Отчеты от Сивиццы и люпари из Мераи, где они были вынуждены зимовать из-за коварного Чичека. И другие отчеты, из нашей ветви в Бисе, что в далеком северном Шеру, где были замечены корабли и гарантированы ссуды на полотно. Огромное количество полотна. А после этого – отчет из нашей ветви в Красном городе; упоминалось, что шеруанского посла видели в таверне облаченным в цвета короля Андретона, а слуги во дворце шептались, что изящные комнаты, пустовавшие с тех пор, как юный парл занял покои отца, отмыли, завесили дорогими гобеленами и заставили мебелью, из которой выбили пыль, а в очаги натаскали дров.
Картина была ясна.
– Парл потерял терпение, – сказал я. – Он ведет переговоры с Шеру.
– А Шеру готовится к войне. – Отец кивнул. – В наших интересах крепче привязать к себе Мераи.
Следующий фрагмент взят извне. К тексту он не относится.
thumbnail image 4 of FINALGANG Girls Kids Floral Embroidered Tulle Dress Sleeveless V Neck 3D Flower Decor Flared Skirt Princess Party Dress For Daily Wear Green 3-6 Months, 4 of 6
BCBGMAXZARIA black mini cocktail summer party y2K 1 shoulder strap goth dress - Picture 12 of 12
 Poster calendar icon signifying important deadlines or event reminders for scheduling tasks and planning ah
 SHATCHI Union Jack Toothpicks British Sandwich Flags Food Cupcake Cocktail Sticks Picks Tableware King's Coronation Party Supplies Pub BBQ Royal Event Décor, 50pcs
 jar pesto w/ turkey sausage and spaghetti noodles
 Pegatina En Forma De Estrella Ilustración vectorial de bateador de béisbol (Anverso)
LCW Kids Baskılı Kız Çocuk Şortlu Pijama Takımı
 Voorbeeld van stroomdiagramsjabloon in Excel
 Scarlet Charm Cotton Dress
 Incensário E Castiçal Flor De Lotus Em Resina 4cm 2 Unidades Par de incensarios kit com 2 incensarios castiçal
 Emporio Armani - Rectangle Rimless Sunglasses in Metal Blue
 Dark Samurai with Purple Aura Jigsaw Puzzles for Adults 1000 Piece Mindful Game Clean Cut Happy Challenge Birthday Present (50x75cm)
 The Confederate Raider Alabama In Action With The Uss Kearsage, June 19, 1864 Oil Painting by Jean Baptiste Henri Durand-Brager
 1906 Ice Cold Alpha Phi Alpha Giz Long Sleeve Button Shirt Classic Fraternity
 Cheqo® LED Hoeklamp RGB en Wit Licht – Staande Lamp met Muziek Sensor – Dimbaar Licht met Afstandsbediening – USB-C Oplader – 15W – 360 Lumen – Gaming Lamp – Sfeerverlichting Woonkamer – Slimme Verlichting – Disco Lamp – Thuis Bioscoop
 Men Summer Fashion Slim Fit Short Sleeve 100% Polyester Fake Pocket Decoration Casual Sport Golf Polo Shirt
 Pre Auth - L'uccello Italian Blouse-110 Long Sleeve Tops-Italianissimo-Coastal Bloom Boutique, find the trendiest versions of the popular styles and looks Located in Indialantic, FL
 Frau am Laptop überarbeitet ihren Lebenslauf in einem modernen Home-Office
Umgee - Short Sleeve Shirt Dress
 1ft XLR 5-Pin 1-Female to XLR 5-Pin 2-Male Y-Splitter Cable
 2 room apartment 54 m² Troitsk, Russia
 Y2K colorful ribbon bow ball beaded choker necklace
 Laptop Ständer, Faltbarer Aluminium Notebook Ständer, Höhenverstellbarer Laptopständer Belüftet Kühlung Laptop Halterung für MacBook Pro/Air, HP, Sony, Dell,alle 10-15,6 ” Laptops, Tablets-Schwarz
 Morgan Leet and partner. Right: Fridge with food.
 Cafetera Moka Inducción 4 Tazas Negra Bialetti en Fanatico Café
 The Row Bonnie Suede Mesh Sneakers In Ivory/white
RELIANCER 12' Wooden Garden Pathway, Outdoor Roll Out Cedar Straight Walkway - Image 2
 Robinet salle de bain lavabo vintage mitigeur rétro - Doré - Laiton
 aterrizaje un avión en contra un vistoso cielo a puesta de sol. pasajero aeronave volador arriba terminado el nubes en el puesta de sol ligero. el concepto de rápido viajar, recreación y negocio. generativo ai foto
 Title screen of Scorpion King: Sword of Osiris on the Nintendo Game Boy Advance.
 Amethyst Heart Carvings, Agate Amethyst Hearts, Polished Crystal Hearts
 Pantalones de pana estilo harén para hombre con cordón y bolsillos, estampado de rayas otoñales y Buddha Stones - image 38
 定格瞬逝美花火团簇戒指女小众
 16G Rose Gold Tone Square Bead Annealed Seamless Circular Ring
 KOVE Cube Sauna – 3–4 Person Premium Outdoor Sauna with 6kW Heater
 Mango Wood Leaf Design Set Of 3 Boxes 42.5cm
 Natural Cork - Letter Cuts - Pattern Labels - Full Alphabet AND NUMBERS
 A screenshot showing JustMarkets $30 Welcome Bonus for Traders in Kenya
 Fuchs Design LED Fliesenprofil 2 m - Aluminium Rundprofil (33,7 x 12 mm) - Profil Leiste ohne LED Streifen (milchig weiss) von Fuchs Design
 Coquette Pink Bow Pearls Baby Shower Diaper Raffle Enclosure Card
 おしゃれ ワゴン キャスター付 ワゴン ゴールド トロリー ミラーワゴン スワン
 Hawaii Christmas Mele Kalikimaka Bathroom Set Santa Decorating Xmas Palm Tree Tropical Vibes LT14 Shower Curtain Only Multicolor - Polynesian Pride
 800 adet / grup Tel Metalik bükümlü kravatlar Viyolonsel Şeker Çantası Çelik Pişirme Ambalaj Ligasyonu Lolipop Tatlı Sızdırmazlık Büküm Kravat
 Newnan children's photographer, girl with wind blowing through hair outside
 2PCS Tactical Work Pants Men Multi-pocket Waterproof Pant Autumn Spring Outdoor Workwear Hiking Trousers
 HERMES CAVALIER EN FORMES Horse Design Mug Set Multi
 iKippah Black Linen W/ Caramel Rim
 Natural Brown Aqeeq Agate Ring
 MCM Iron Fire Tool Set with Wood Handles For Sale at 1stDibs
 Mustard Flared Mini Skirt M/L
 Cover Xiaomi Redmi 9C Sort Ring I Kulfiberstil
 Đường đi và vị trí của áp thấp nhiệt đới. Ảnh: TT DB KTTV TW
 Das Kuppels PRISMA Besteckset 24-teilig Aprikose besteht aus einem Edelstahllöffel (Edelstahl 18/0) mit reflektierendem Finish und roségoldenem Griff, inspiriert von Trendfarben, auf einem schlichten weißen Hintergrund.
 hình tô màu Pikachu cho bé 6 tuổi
– Если не деньгами и люпари, то чем? – спросил я. – Это скверное дело – мы только потеряем, если продолжим давать ссуды. – Я посмотрел на журналы. – Нам следует списать ссуды. Мы не можем их продлевать.
Отец с Мерио переглянулись.
– Что?
Отец поманил меня за собой. Мы прошли через маленькую дверь с тремя замками и поднялись на верхний этаж банка, откуда мостик вел прямо в наш палаццо. Миновали коридор и попали в библиотеку. Там отец направился к полкам и взял свои счетные книги. Молча протянул их мне.
Я пролистал страницы, хмурясь, потому что числа в банке сильно отличались от чисел в этих книгах. Огромных чисел.
– Откуда все эти суммы? Я никогда их не видел.
– Ты можешь им доверять.
– Почему они отличаются?
Отец кисло посмотрел на меня.
– В нашем банке шпионы? – Я был потрясен и напуган. – Почему мы от них не избавимся?
– Иногда полезней знать, кто шпионит, и контролировать то, что им известно.
– Кто за нами шпионит?
Отец рассмеялся:
– Томас и Примо. Один для калларино, другой для Банка Кортеса. Мы избавились от Фредерико, который шпионил для Фурии, чтобы двое других поверили, будто их не раскрыли и им доверяют, и чтобы информация, которую мы им поставляем, выглядела более правдоподобной.
– Калларино за нами шпионит?
– Конечно. – Отец удивился моему вопросу. – Мы союзники, а не друзья.